The author uncovered major discrepancies and contradictory statements in the public record
from various announcements regarding the site from the archeological team. Moreover, based
on the overall Architecture of the site at BT, the author determined that not only the site is much
older than Gobekli Tepe (GT from now on) by about two millennia; but also, that it belongs to the
middle-late 8th millennium BC, and not the middle to late 11th millennium BC date, as argued by
the archeological team of BT. The temple at BT was judged to be about one and one-half
millennium older than the GT’s earliest Temple (structure D, Layer III). The arguments will not be
repeated here; the reader is directed to references [1] and [2] to review them.

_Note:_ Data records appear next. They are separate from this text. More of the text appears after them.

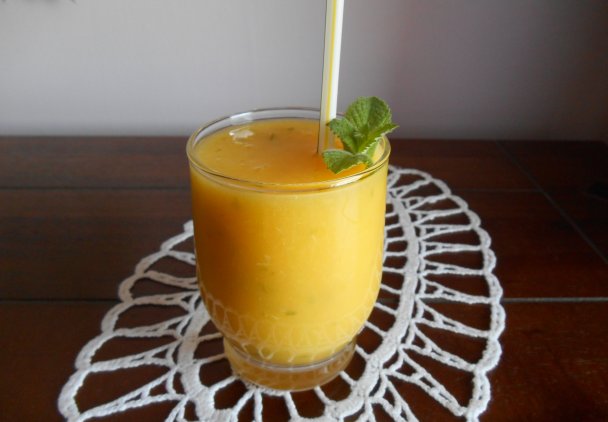 Koktajl pomarańczowy z mango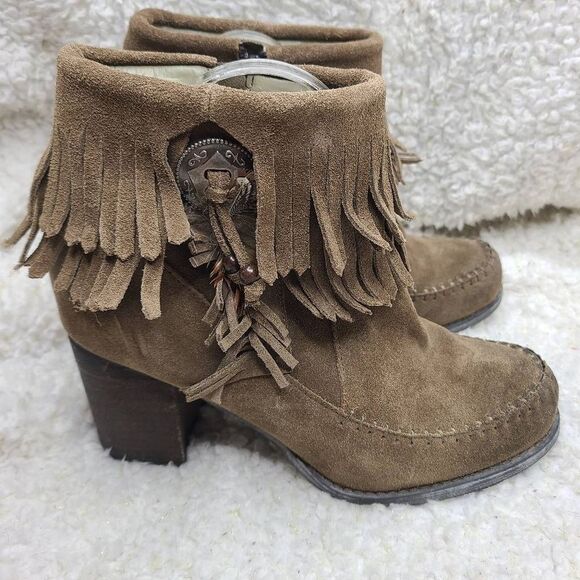 Sbicca Jessa Fringed Suede Leather Boho Ankle Boots size 9 - Picture 2 of 11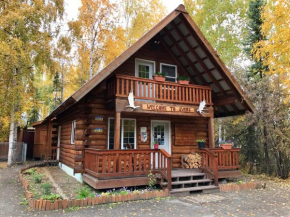  Sven's Basecamp Hostel  Фэрбанкс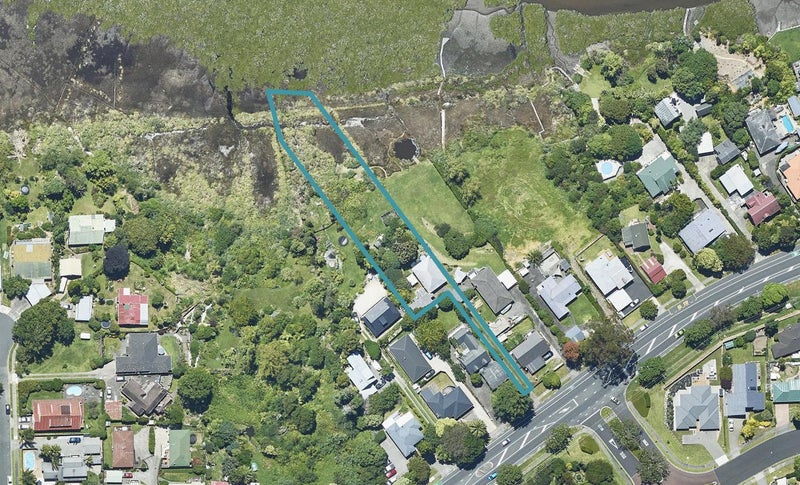 89 Welcome Bay Road, Welcome Bay, Tauranga - Carousel 1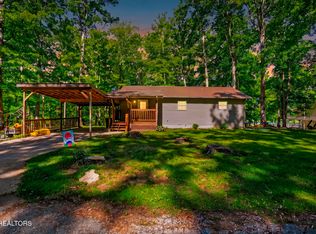 603 S Lake Dr, Oneida, TN 37841
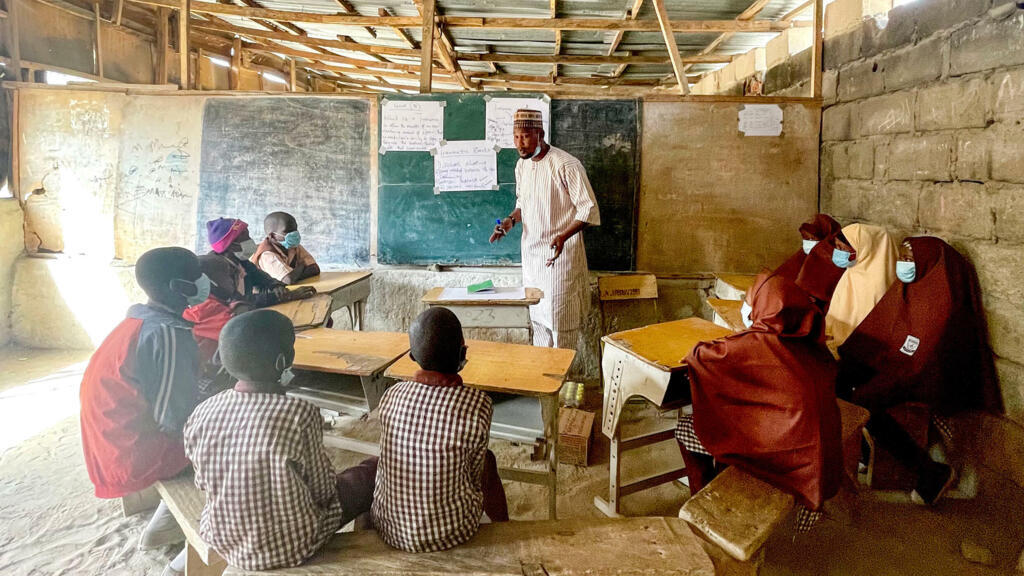 Des enfants participent à un club de la paix dans leur école islamique de Maiduguri.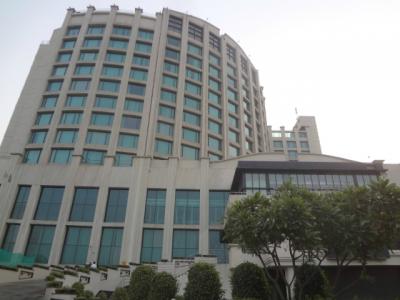 立派な良いホテルです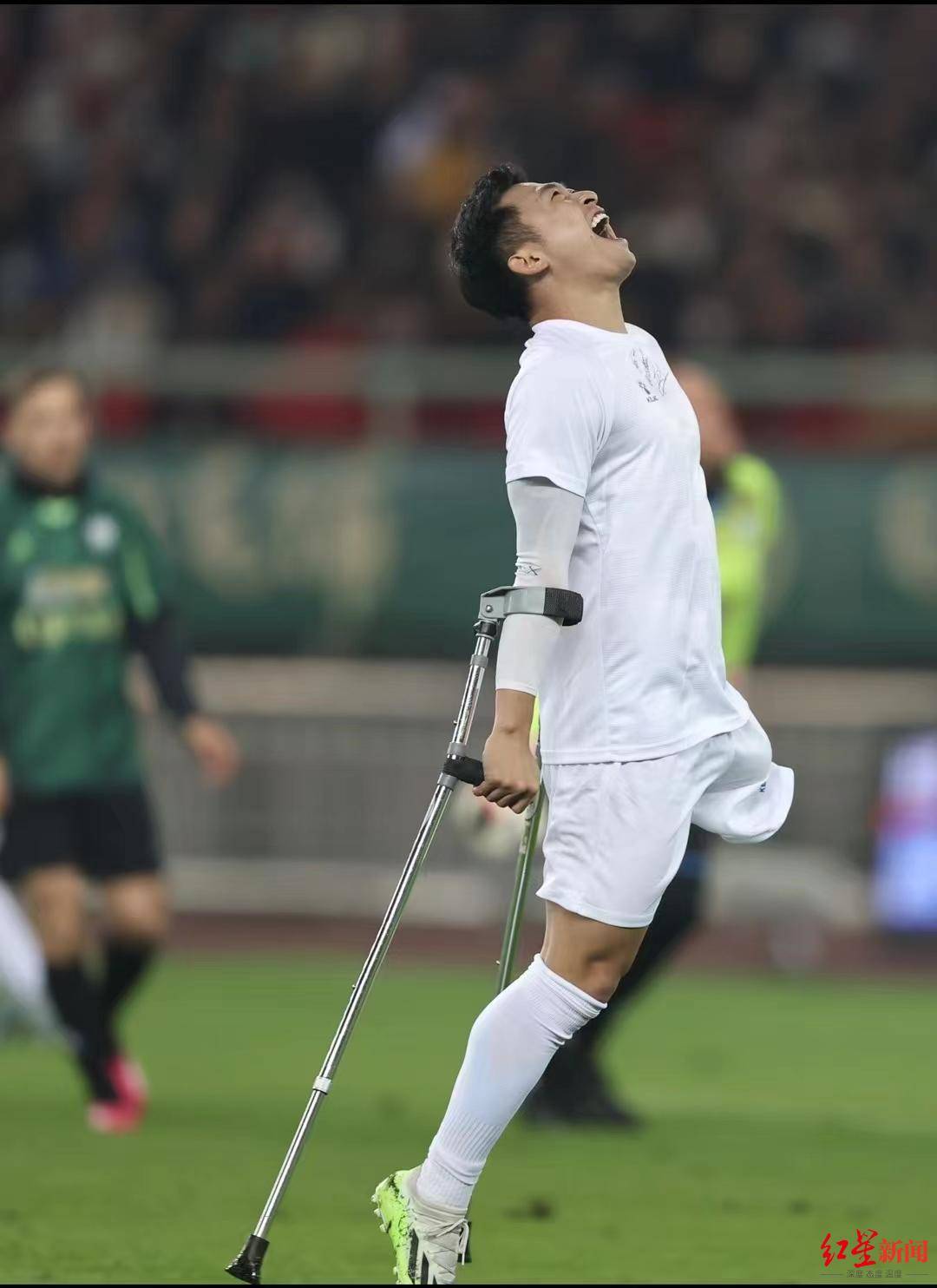 在卡卡,巴蒂,菲戈参加的比赛中,这位中国人拄着双拐,用独腿完成绝平!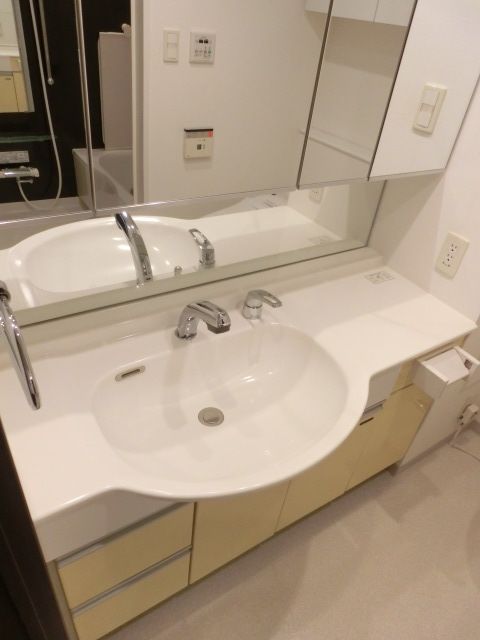 洗面設備　コンパクトで使いやすい洗面所
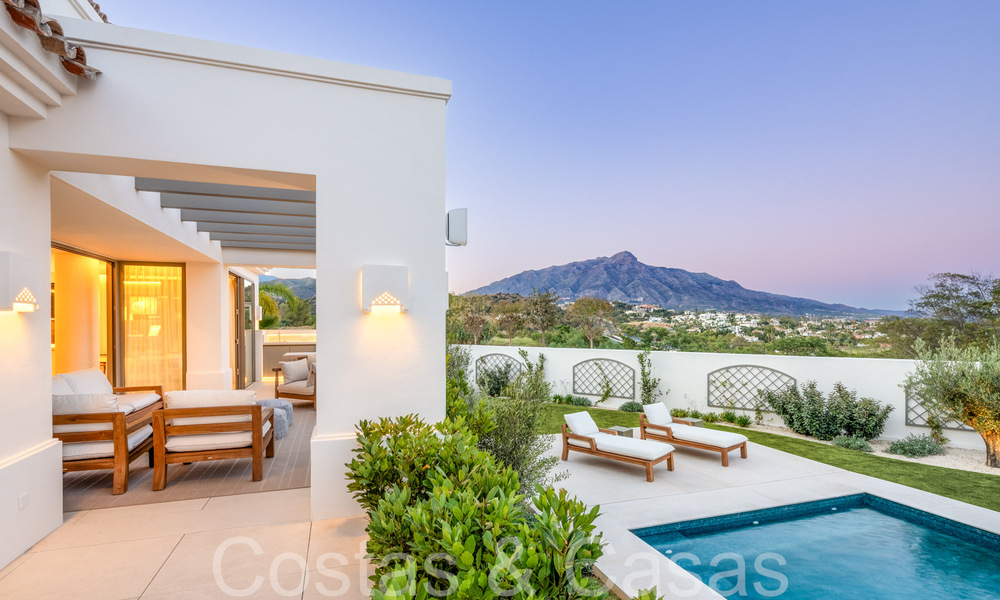 Villa mediterránea renovada de primera clase en venta en el corazón de La Quinta, Benahavis - Marbella 71182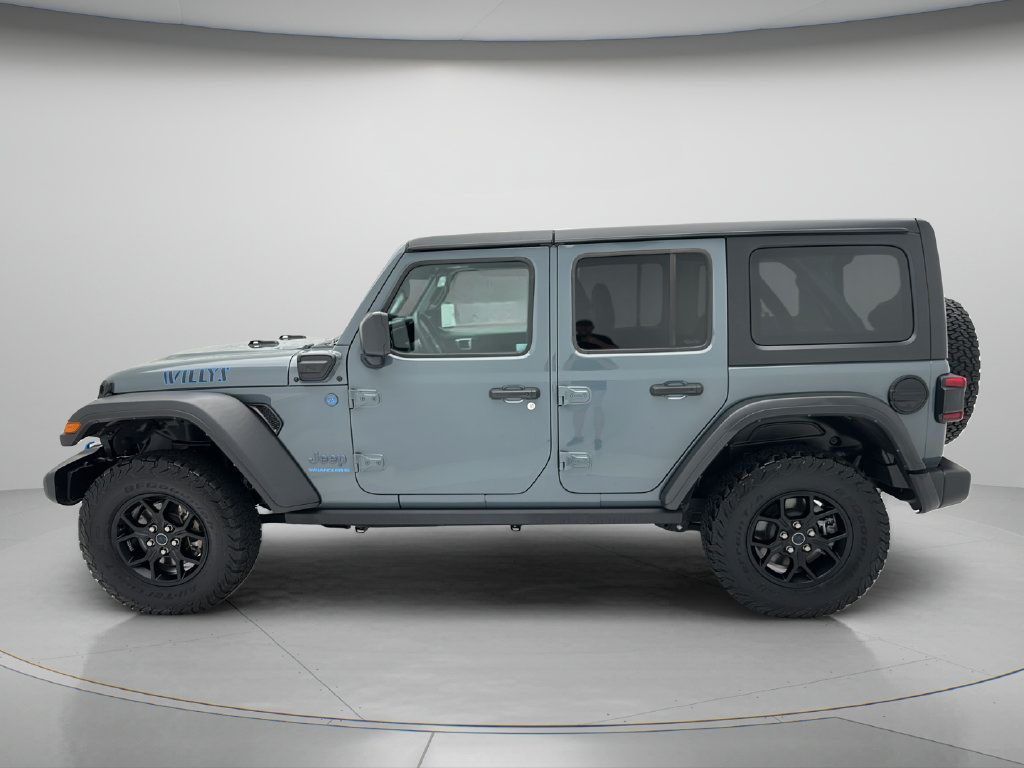Used 2024 Jeep Wrangler Unlimited AWD/4WD image 8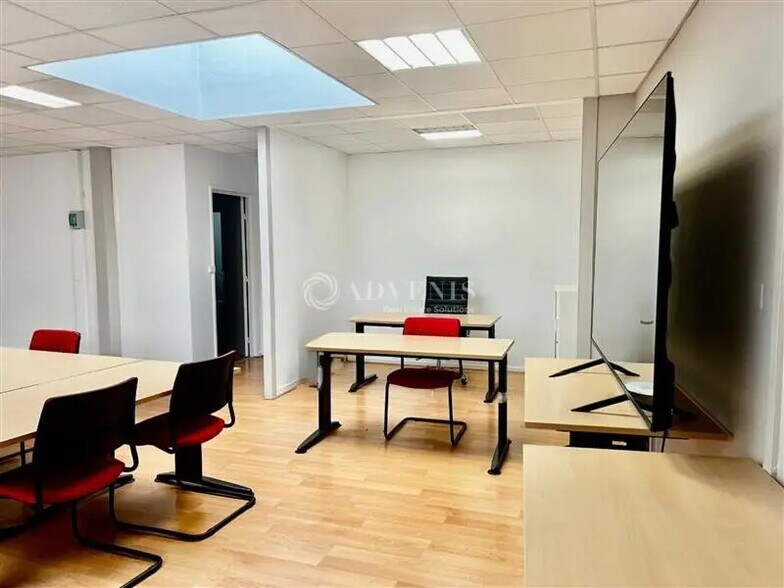 Office in Saint-Cyr-sur-Loire for lease - Interior Photo - Image 2 of 4
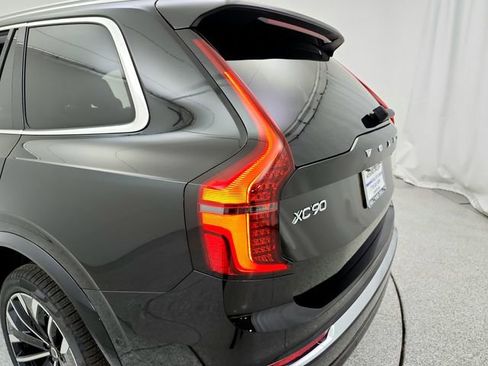 New 2026 Volvo XC90 B6 Plus w/ Protection Package image 36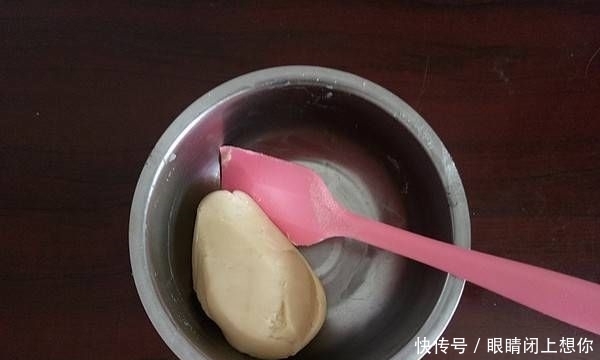  幸福|蛋黄酥，一口都是幸福！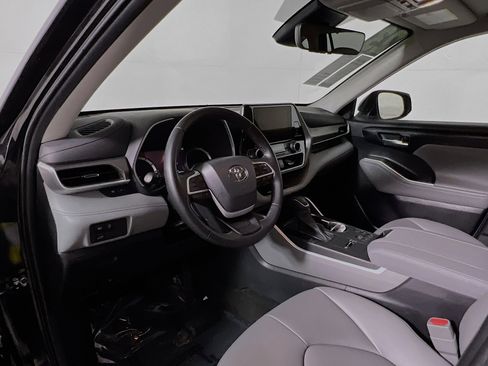 Used 2023 Toyota Highlander XLE image 30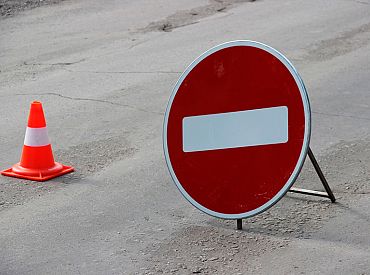 Тяжелая авария на шоссе в Лиепаю: дорога полностью заблокирована, есть погибшие (ФОТО)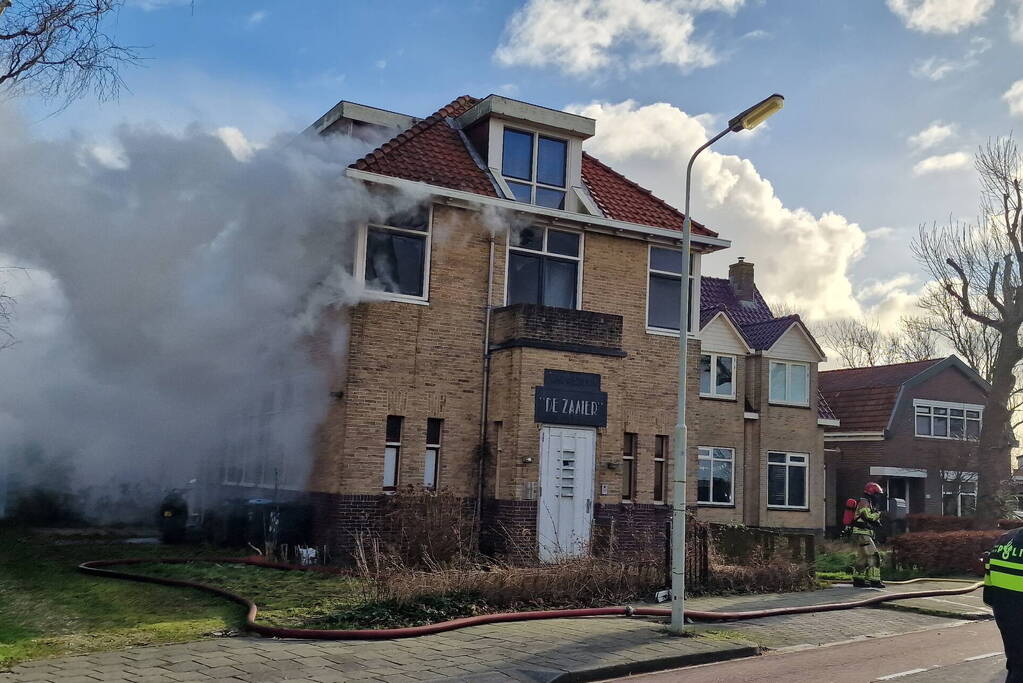 Dode bij felle brand in woning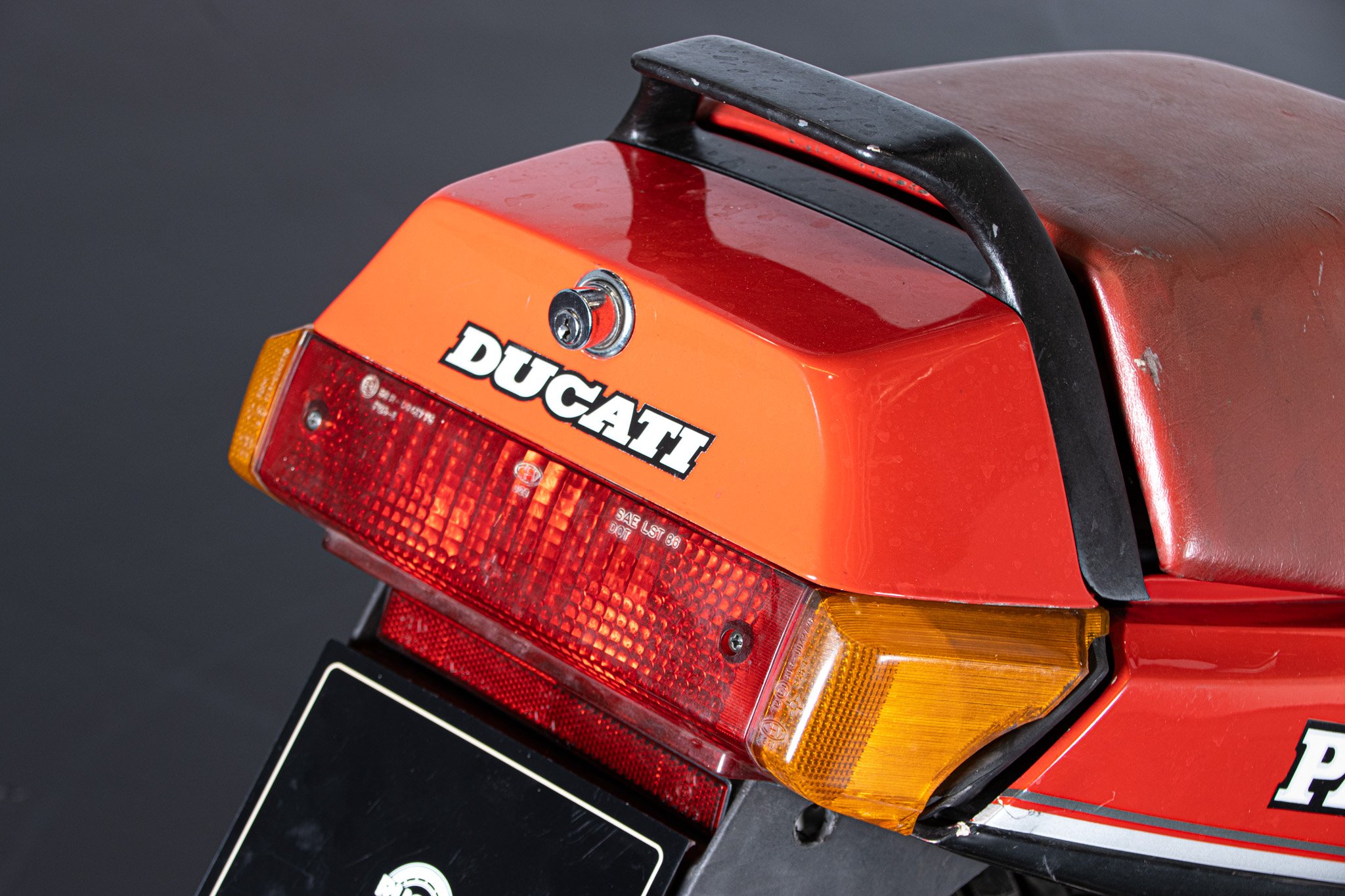 Ducati PASO 750 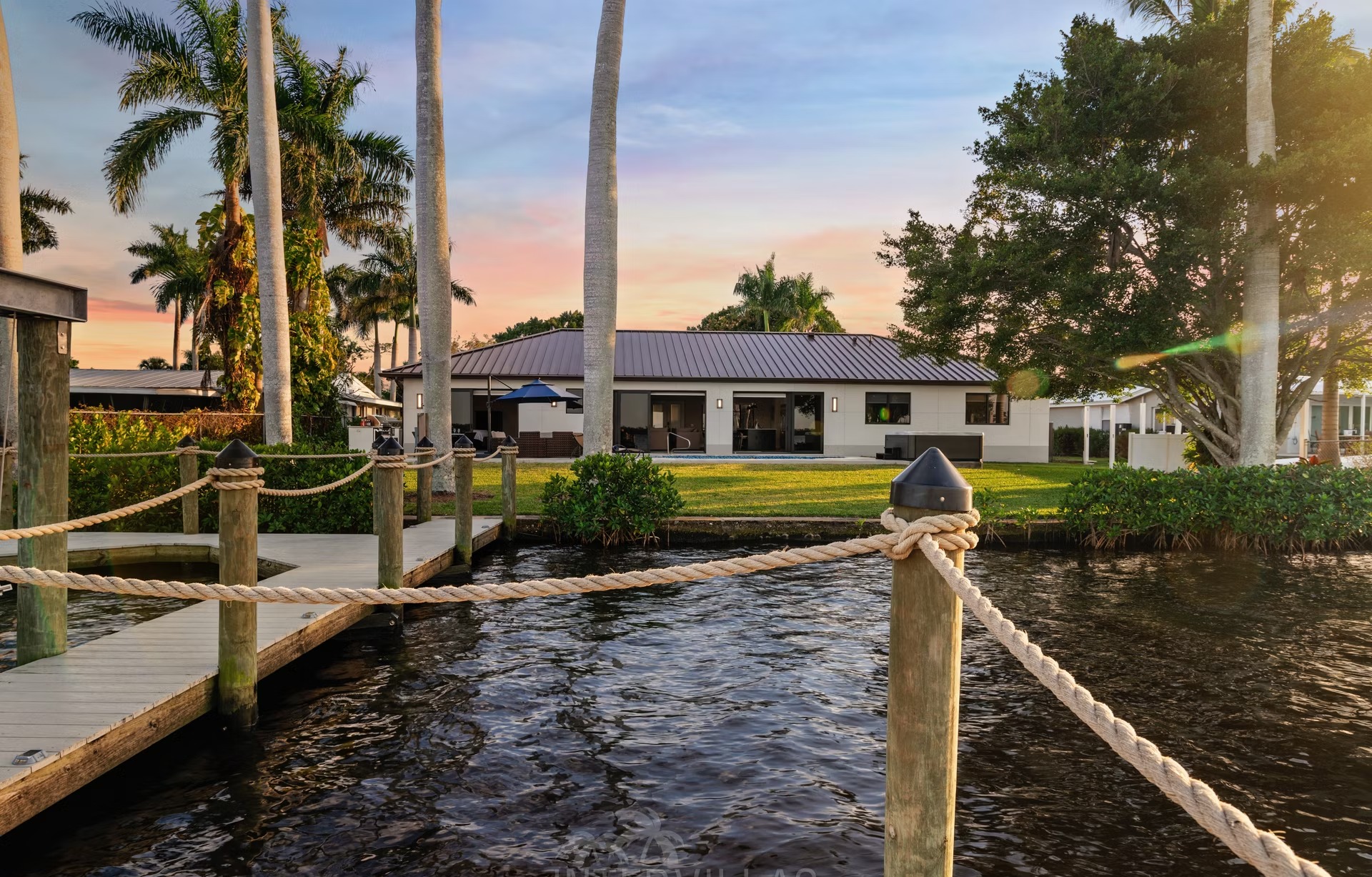 Villa Riverside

In reference [2], the author focused exclusively on the Architecture of the temple of BT, and its
immediate vicinity. The findings of reference [1] were re-enforced and elaborated upon as the
site and floor plans of the temple were analyzed at length. Again, the analysis and the arguments
will not be repeated here, as the reader is directed to reference [2] for more details. The dating
of the BT temple’s initial construction was pegged to the early 7th millennium BC time frame. It
was found to pre-date the Temple (and last) Phase at Nevali Cori (NC from now on); and to be at
least a millennium older in its last days than the initial construction Phase of the earliest structure
D (Layer III) at GT. Since the posting of the set of two papers by this author, a new publication
came to light. It is written by the head of the excavation team at BT. Access to that reference
(written in French, and in a rather obscure publication outlet) is offered in reference [3]. That
publication and some of its evidence, are discussed in the following section of the paper. A
particular subject of concern is the carbon-14 (C-14 from now on) dating information presented
in reference [3], which contains a glaring contradiction and numerous inconsistencies.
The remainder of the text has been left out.